**What you are asked to do:** Output the full listing below exactly as it reads, and skip anything that is a picture.

**Stored data:**
........
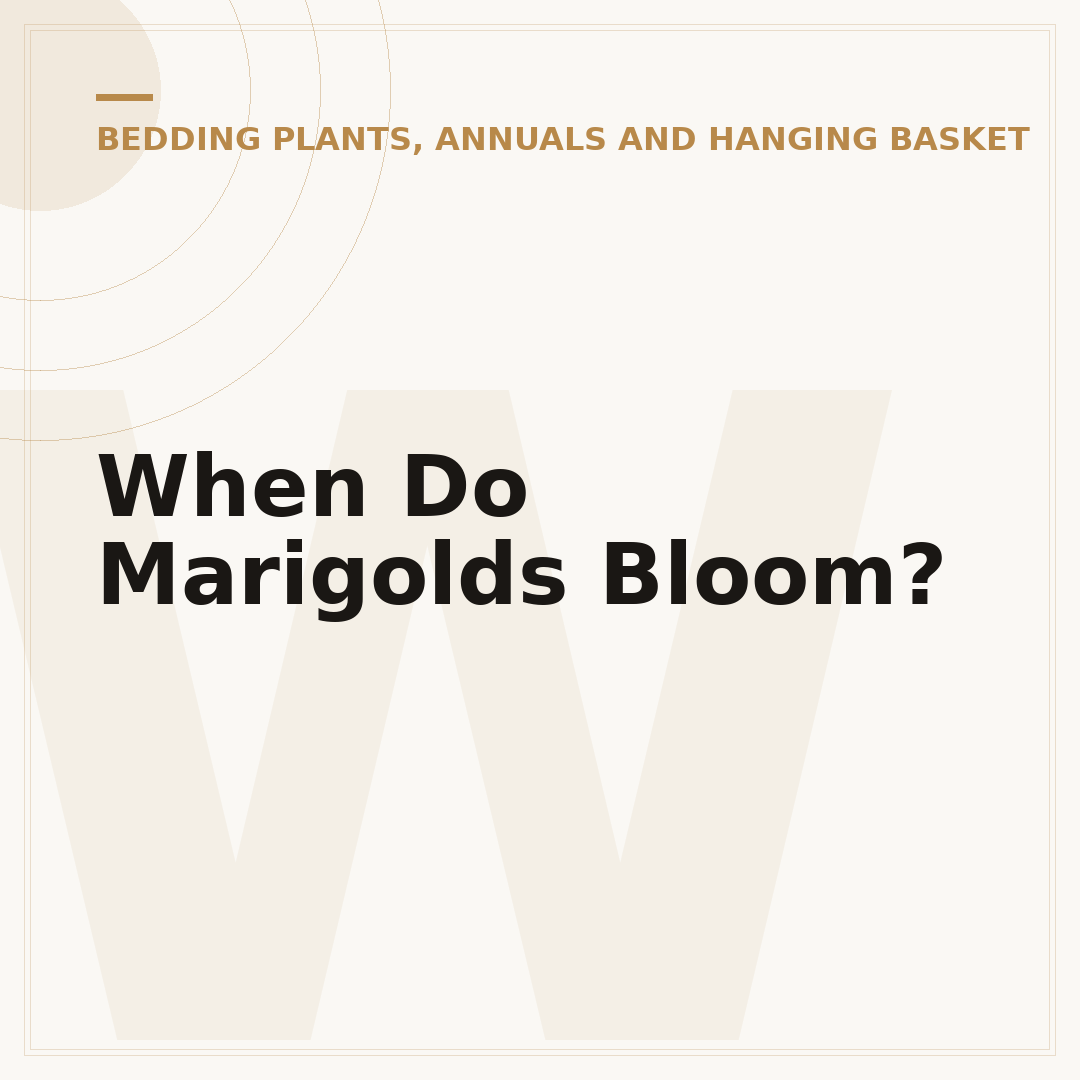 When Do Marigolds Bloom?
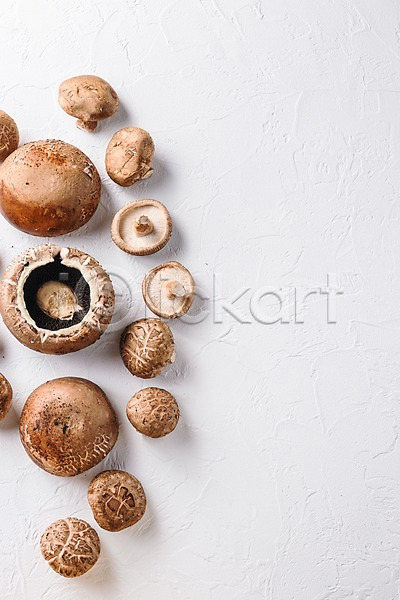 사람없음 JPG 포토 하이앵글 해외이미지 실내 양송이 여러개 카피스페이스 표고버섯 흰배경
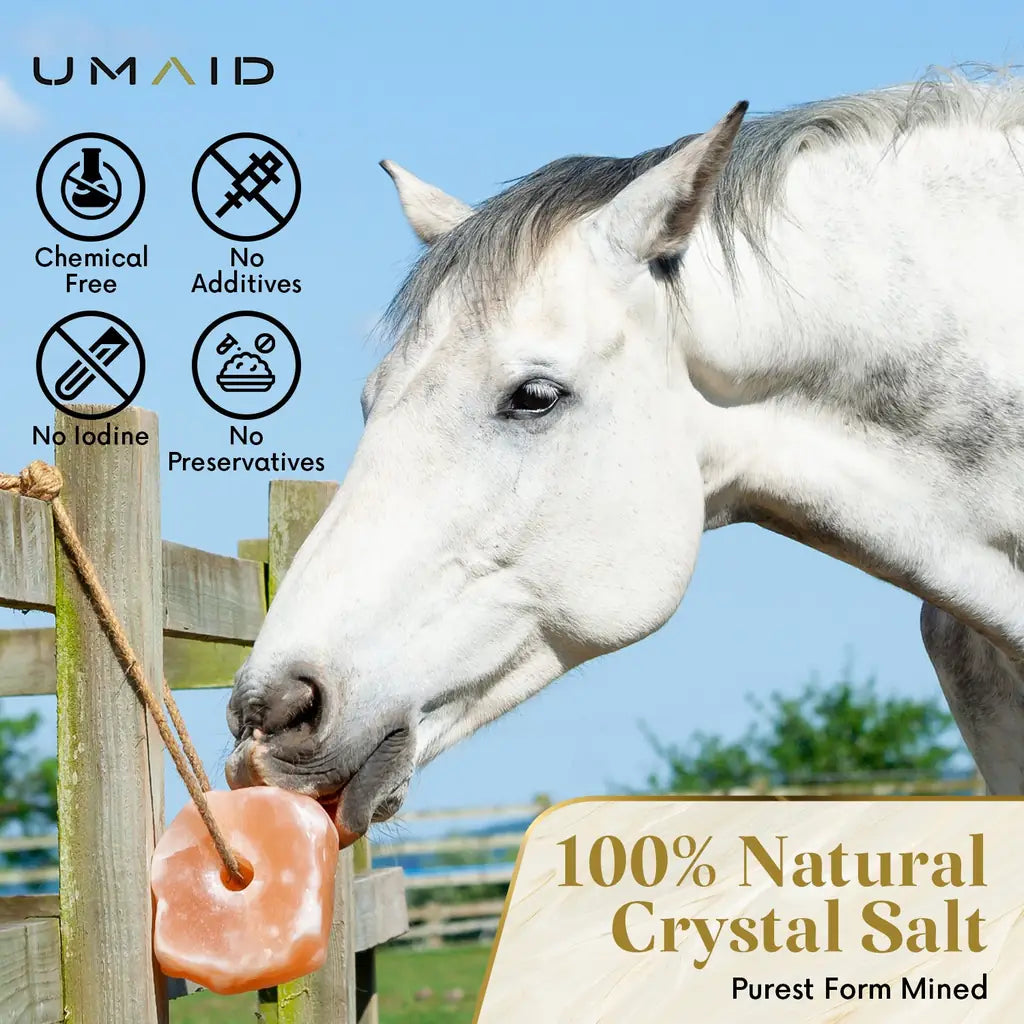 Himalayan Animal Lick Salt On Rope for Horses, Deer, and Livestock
........
**Solution for this exercise:**
 When Do Marigolds Bloom?
 사람없음 JPG 포토 하이앵글 해외이미지 실내 양송이 여러개 카피스페이스 표고버섯 흰배경
 Himalayan Animal Lick Salt On Rope for Horses, Deer, and Livestock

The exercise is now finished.